WORK INSTRUCTION >>
Below, locate the line that contains "iPhone 14 Pro". Repeat exactly from that line to the line that contains "People place candles", inclusive, leaving out the pictures.

RECORDS SHOWN >>
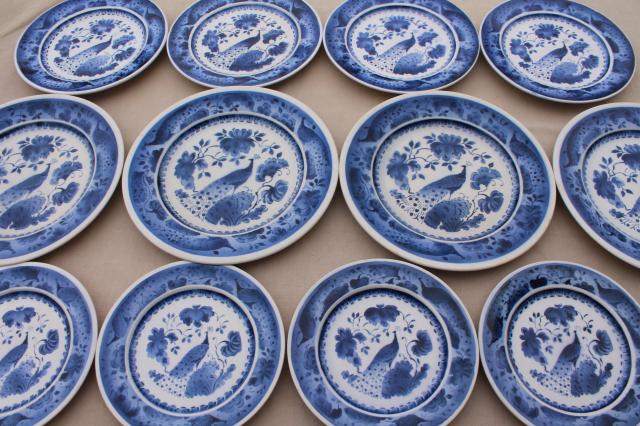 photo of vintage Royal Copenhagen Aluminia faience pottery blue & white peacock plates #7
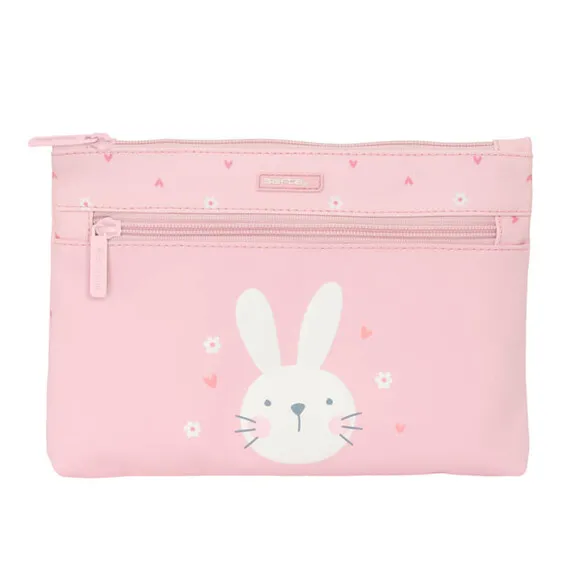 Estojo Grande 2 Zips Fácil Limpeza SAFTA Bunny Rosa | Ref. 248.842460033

==

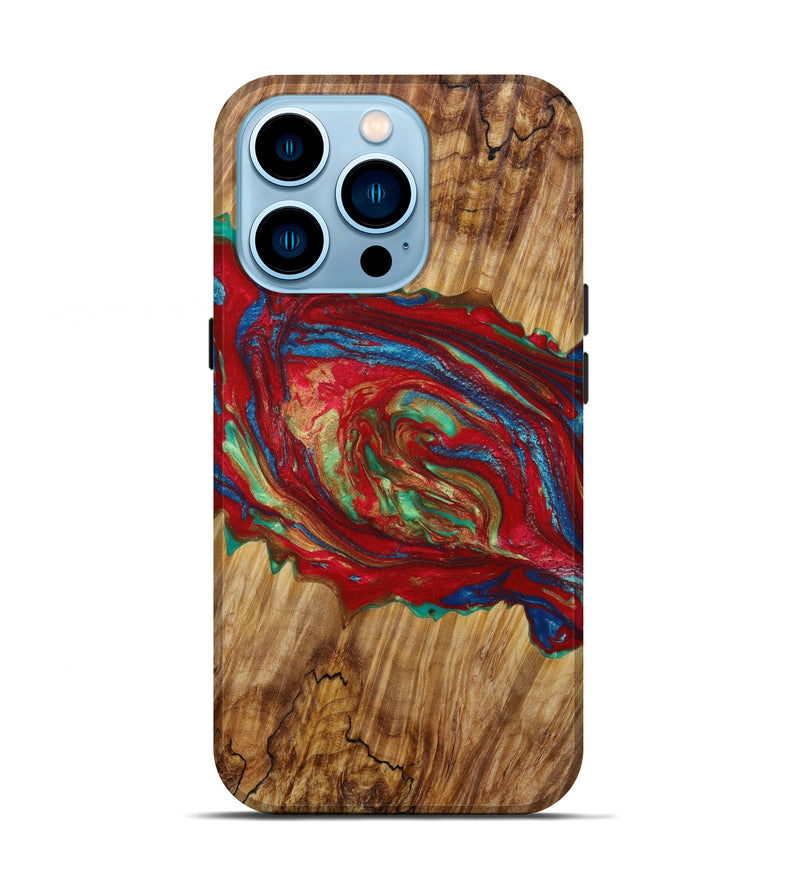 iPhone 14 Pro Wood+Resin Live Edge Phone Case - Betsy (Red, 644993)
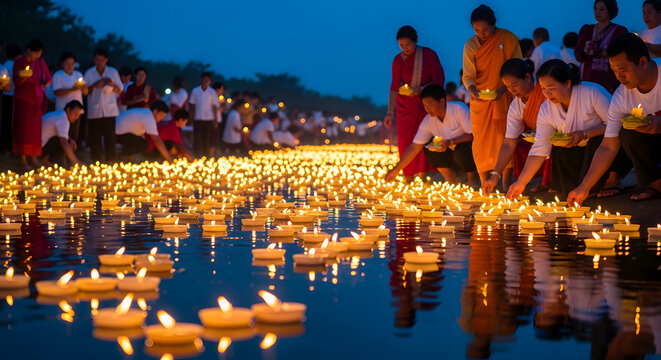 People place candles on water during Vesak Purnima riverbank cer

REPLY TO THE EXERCISE >>
 iPhone 14 Pro Wood+Resin Live Edge Phone Case - Betsy (Red, 644993)
 People place candles on water during Vesak Purnima riverbank cer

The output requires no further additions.